§ TASK DIRECTIONS
The copy you return must begin at the line containing "20320 Bothell Everett" and end at the final line of the listing below, with every picture left out.

§ INFORMATION SUPPLIED
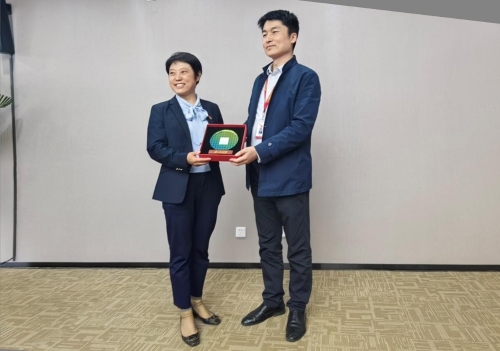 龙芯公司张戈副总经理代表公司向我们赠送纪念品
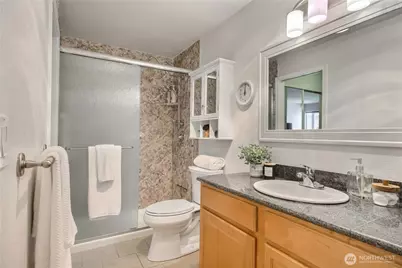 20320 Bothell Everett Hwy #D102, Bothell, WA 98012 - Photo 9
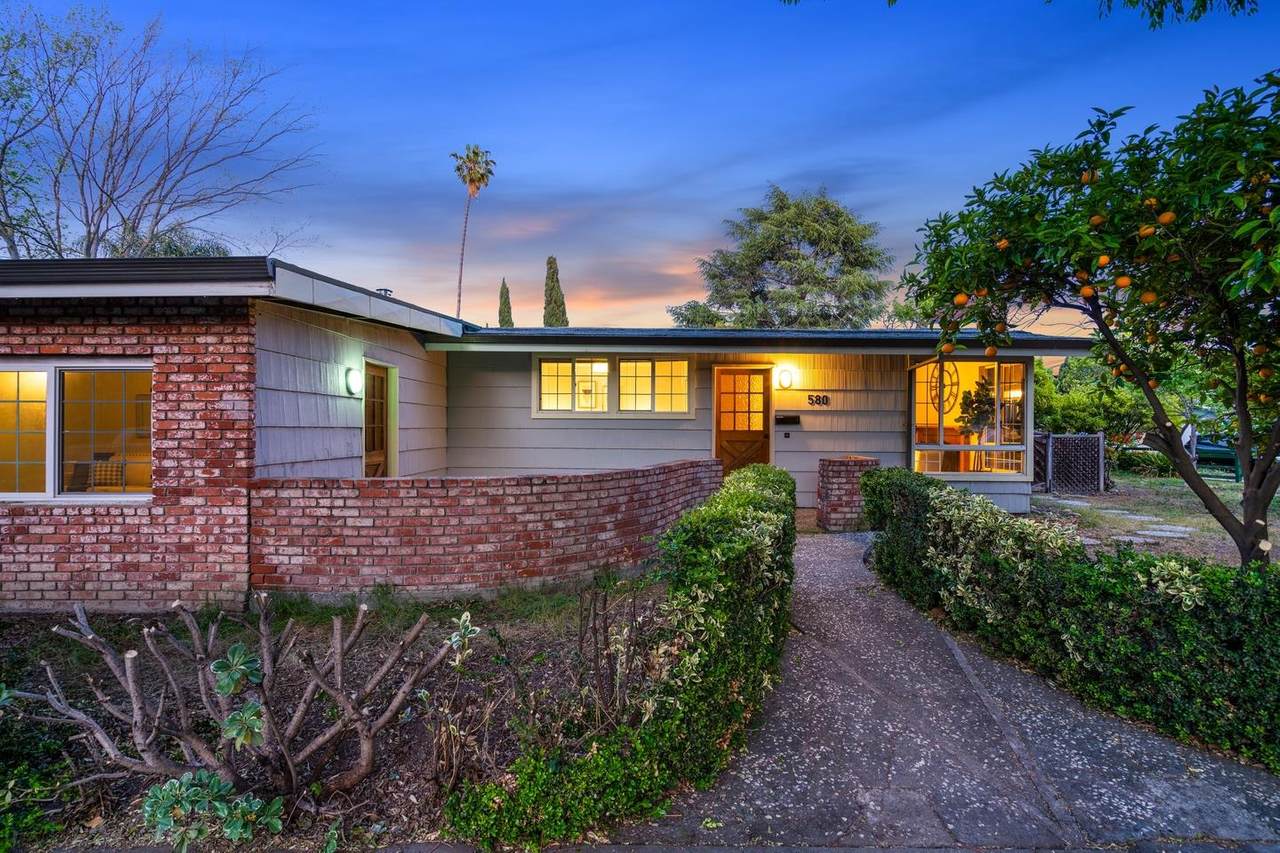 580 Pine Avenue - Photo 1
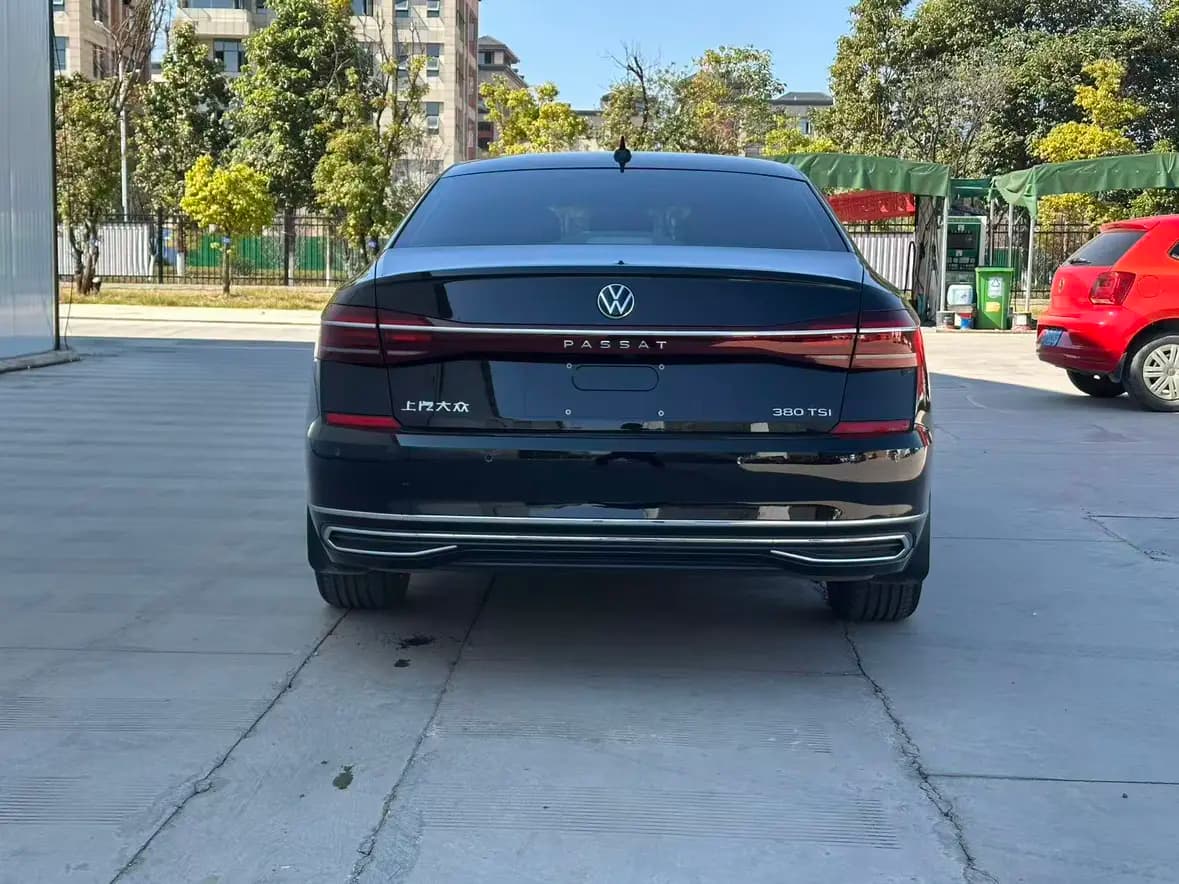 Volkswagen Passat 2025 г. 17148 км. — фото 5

§ COMPLETED EXERCISE
 20320 Bothell Everett Hwy #D102, Bothell, WA 98012 - Photo 9
 580 Pine Avenue - Photo 1
 Volkswagen Passat 2025 г. 17148 км. — фото 5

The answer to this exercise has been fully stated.